Con su atmósfera sobria y su larga tradición como espacio de pensamiento, música y palabra, Union Chapel acogió una excepcional conversación marcada por la intimidad, la memoria y la literatura entre dos de los autores más notables de su generación: Julian Barnes e Ian McEwan. El encuentro se realizó el 20 de enero de 2026 en esa iglesia anglicana —Union Chapel— fundada en 1799 en el barrio de Islington, al norte de Londres.
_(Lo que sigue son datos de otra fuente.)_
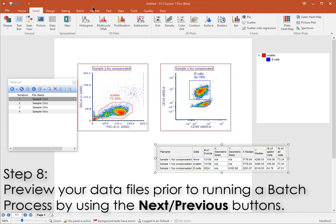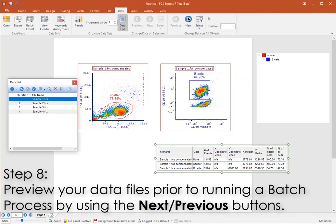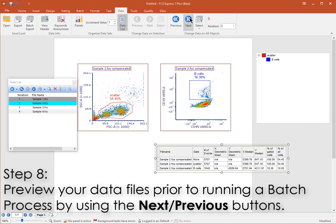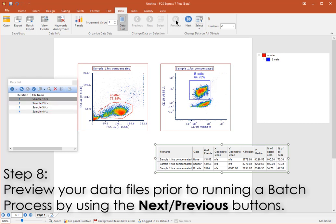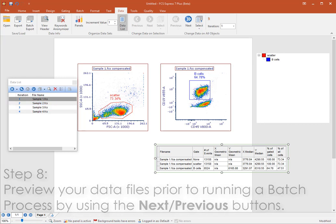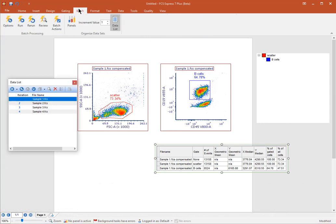Before you run the batch process, it's a good idea to preview the entire list of data files without creating replicate sets of plots for each. Simply use the Next Previous buttons on the Data tab to iterate your samples through your complement of plots.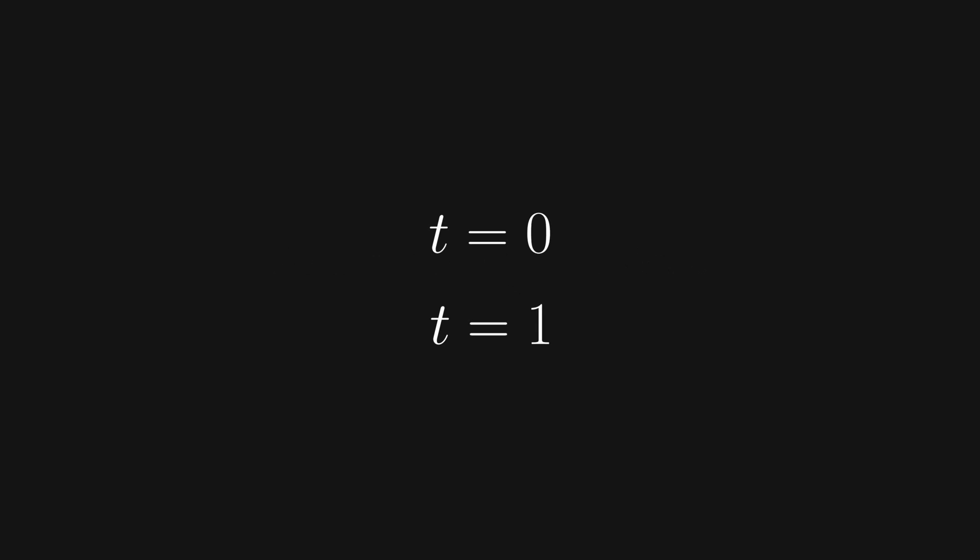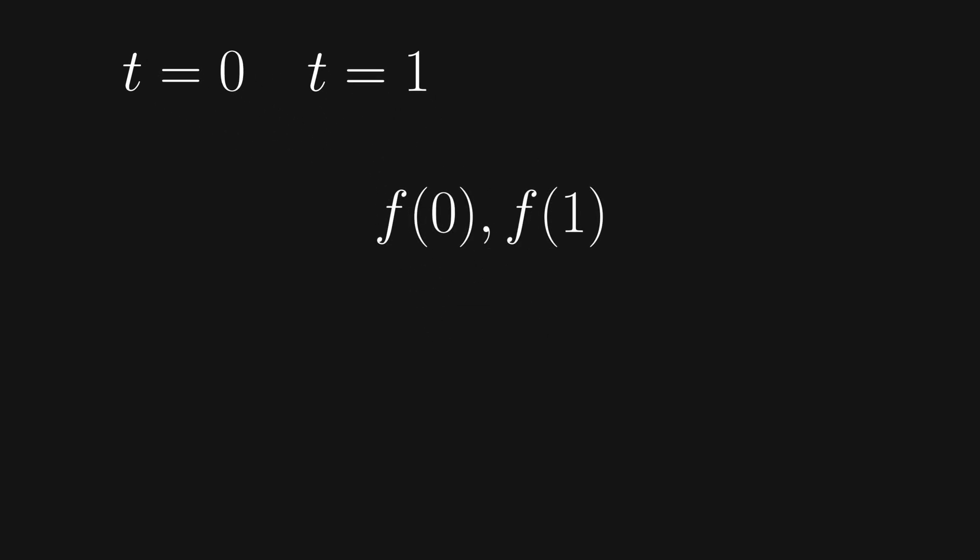One thing that might immediately stand out to you is to check the values at t=0 and t=1. The reason for this is that if we let t=0, the two terms are f(0) and f(1). If we let t=1, the two terms are f(1) and f(0). Since the two expressions have the same terms, it might be easier to find a contradiction between them.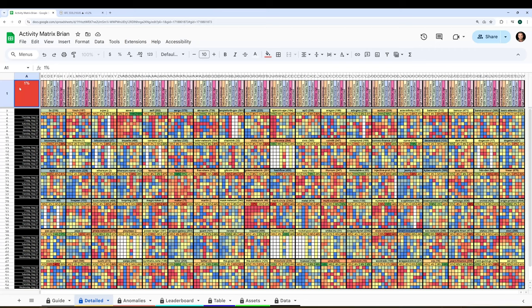All right guys, this is a quick video to remind you that the activity matrix still exists and it's still awesome. I use it all the time for analysis of various crypto assets, trying to figure out which altcoins out there or even Bitcoin are experiencing an anomaly in some sort of category.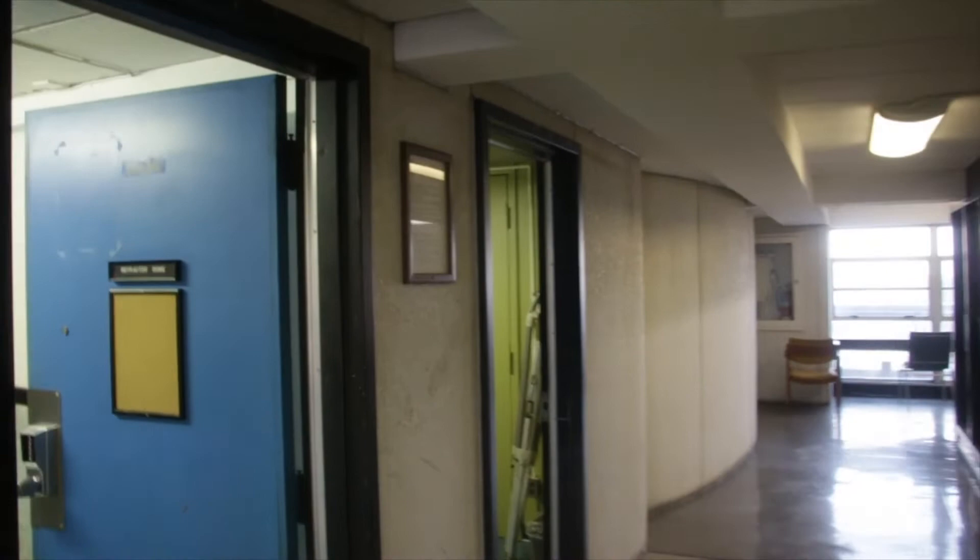On the top floor of the building are located our two observatory domes. The first we'll go visit is the refractor dome, which contains our 8 inch refracting telescope.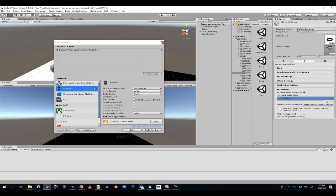Now that we have everything ready, let's do a quick test build. Make sure your Oculus Go is plugged in.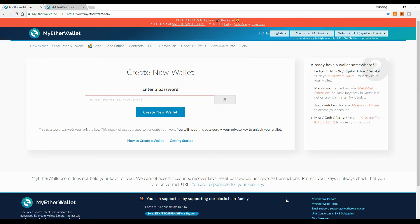Hello guys, welcome back to the channel. Today I'm going to show you how you can transfer or send your ERC20 tokens to your Ledger Nano S wallet.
Amigos desde hace más de cincuenta años, los escritores compartieron escenario no solo para hablar del último libro de Barnes, Departure(s) (publicado en español por Anagrama como Despedidas) sino para sellar un momento histórico: el adiós literario de quien, como McEwan, fue considerado en 1983 por la revista Granta como parte de la legendaria lista de los Best of Young British Novelists, en la que también alinearon Martin Amis, William Boyd, Kazuo Ishiguro, Graham Swift y Salman Rushdie.

Barnes, autor de novelas como El loro de Flaubert y ganador del Booker Prize por El sentido de un final, presentó Departure(s), mientras que McEwan —también ganador del Booker y autor de obras como Expiación y En la playa de Chesil— asumió el papel de anfitrión y cómplice intelectual. Durante una hora de conversación —de la que ofrecemos esta versión necesariamente editada—, ambos recorrieron su amistad, el paso del tiempo y el acto de escribir como forma de resistencia y legado.

Julian Barnes (JB): Es la primera vez que estamos juntos en un escenario. Nos conocemos desde hace cincuenta años.

Ian McEwan (IM): […] Nunca es tarde para empezar. Mi primera pregunta —o ni siquiera es una pregunta, es un punto de partida— es plantearte, Julian, si pudieras evocar para nosotros el placer de escribir… […].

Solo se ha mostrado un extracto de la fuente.